Baca juga: Mengembalikan Kejayaan Nilam Ace
Putu menambahkan, hilir industri produk tersebut kebanyakan berada di luar negeri, salah satunya Singapura. Alhasil, ekspor bahan baku meningkat lantaran iklim industri hilir dalam negeri kurang berkembang sehingga neraca ekspor-impor menjadi timpang. Bahkan, pada 2012, impor produk jadi tersebut mencapai 4 kali lipat dari ekspor.
”Oleh sebab itu, pemerintah mulai membuat roadmap hilirisasi, kebijakan fiskal membatasi ekspor bahan baku terkait untuk mendukung hilirisasi industri dalam negeri, serta promosi investasi perusahaan hilir atsiri dengan harapan mereka tertarik memindahkan pabriknya ke Indonesia agar lebih dekat dengan akses bahan baku,” ujarnya.
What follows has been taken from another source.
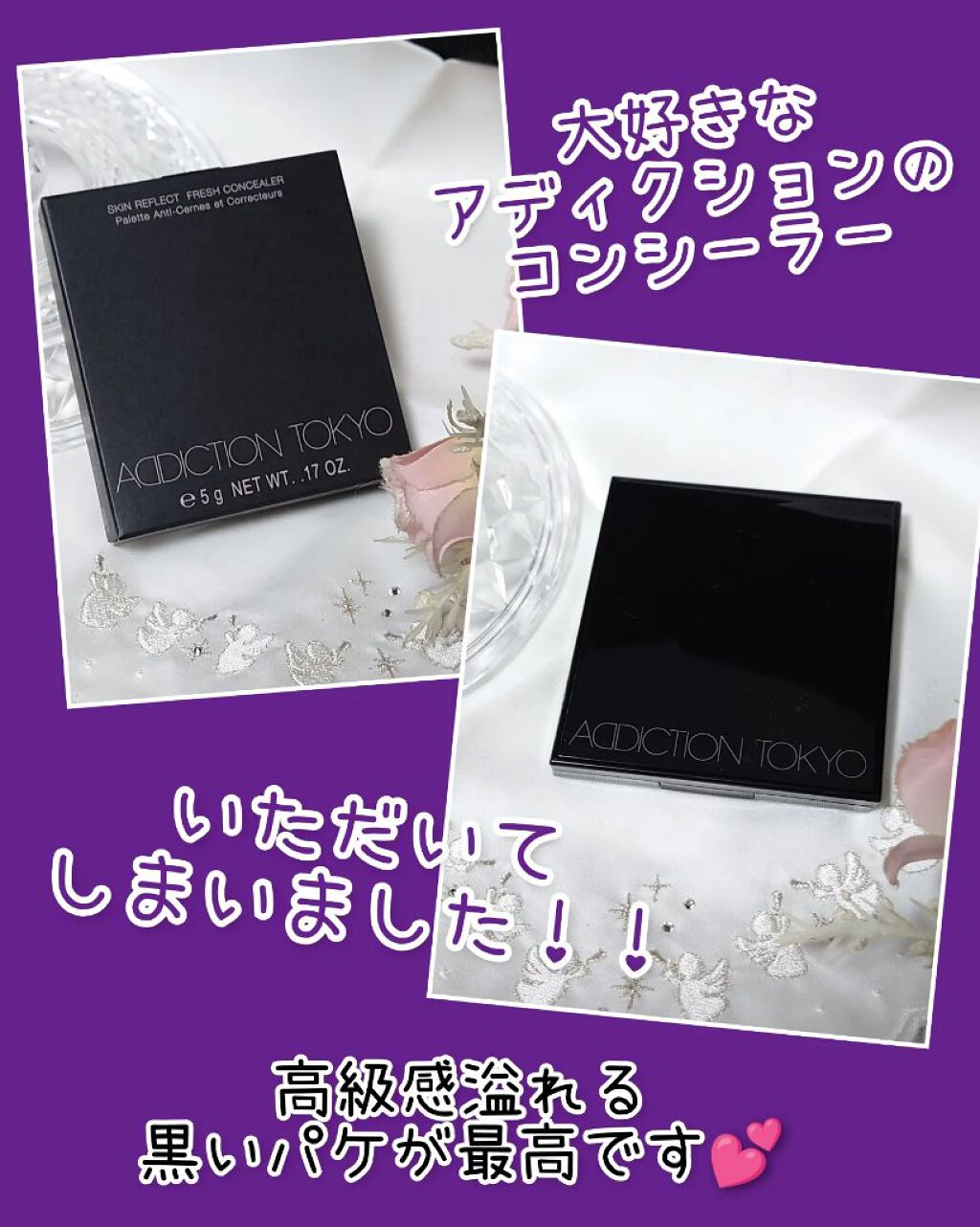 カラーミキシングコンシーラー/キャンメイク/パレットコンシーラーを使ったクチコミ（2枚目）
Bentuk dukungan pemerintah lainnya adalah dengan menjadikan industri atsiri sebagai sektor prioritas nasional. Dalam hal ini, pemerintah turut memberikan insentif pajak (tax allowance) sebagaimana diatur dalam Peraturan Pemerintah Nomor 78 Tahun 2019 tentang Fasilitas Pajak Penghasilan untuk Penanaman Modal di Bidang-bidang Usaha Tertentu dan/atau di Daerah-Daerah Tertentu.
Minyak nilam adalah salah satu potensi ekonomi Indonesia. Indonesia memasok 80-90 persen minyak nilam di pasar dunia. Perancis sebagai ibu kota parfum dunia jadi salah satu tujuannya.
Jika suatu hari Anda berkesempatan jalan-jalan sampai ke Menara Eiffel di Paris dan mencium wangi parfum di antara wisatawan di sana, barangkali ada minyak nilam asal Aceh di rantai produksinya. Bukan tidak mungkin ”sihir” nilam petani Aceh mewangi hingga Menara Eiffel.